TASK ITEM:
Write the records out again exactly, leaving no images in.
**********
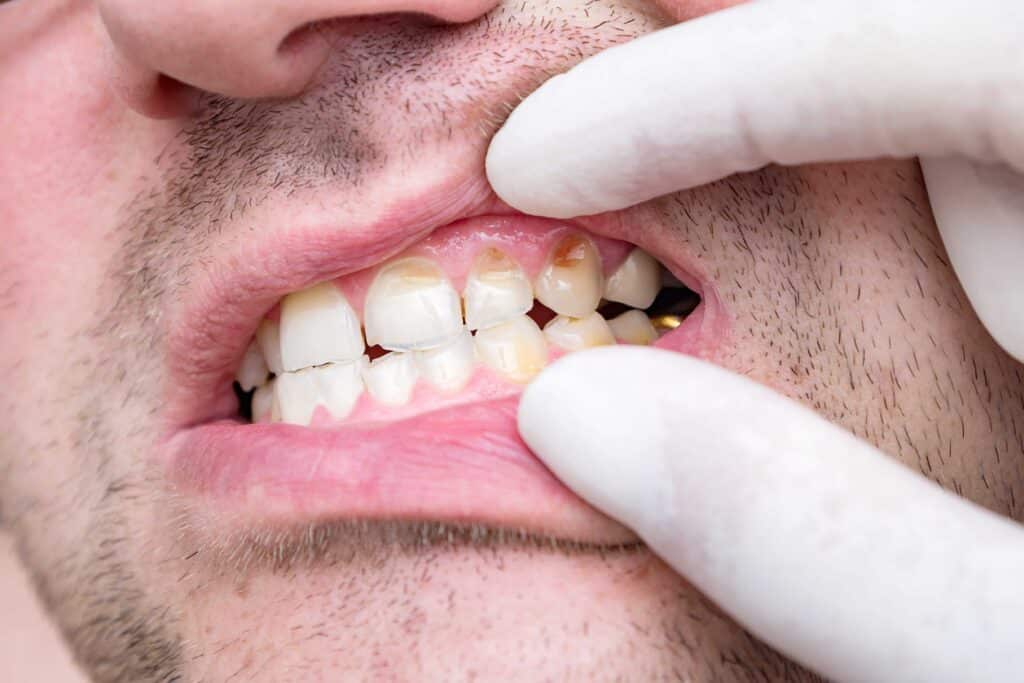 Emergency dental decay tooth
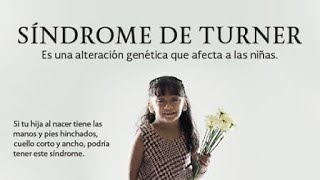 El Sindrome de Turnersindrome q afecta Ninas [upl. by Tannen865]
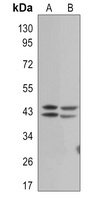 ERK1/2 (Phospho-T202/T185) Rabbit Monoclonal Antibody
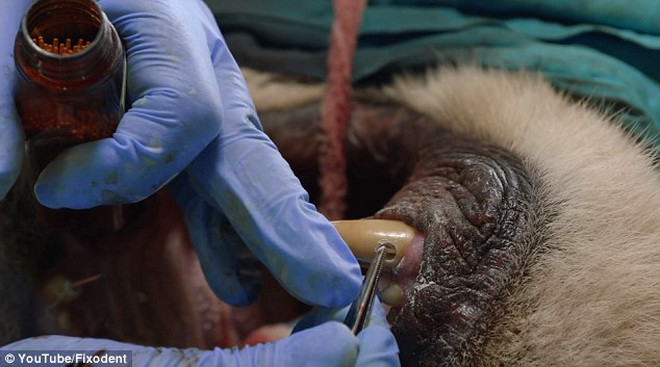 Quá trình phẫu thuật kéo dài bốn tiếng. (Nguồn: Daily Mail)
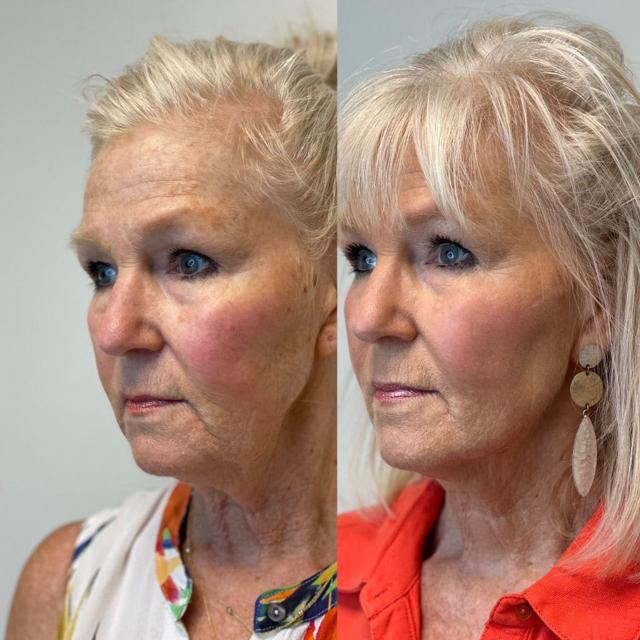 Deep Plane Facelift result at SKN at Franks Dermatology in Little Rock, AR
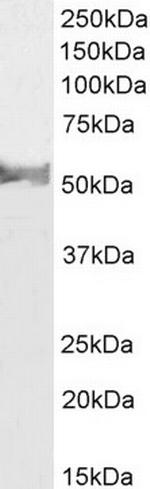 LCAT Antibody in Western Blot (WB)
**********
RESULT:
 Emergency dental decay tooth
 El Sindrome de Turnersindrome q afecta Ninas [upl. by Tannen865]
 ERK1/2 (Phospho-T202/T185) Rabbit Monoclonal Antibody
 Quá trình phẫu thuật kéo dài bốn tiếng. (Nguồn: Daily Mail)
 Deep Plane Facelift result at SKN at Franks Dermatology in Little Rock, AR
 LCAT Antibody in Western Blot (WB)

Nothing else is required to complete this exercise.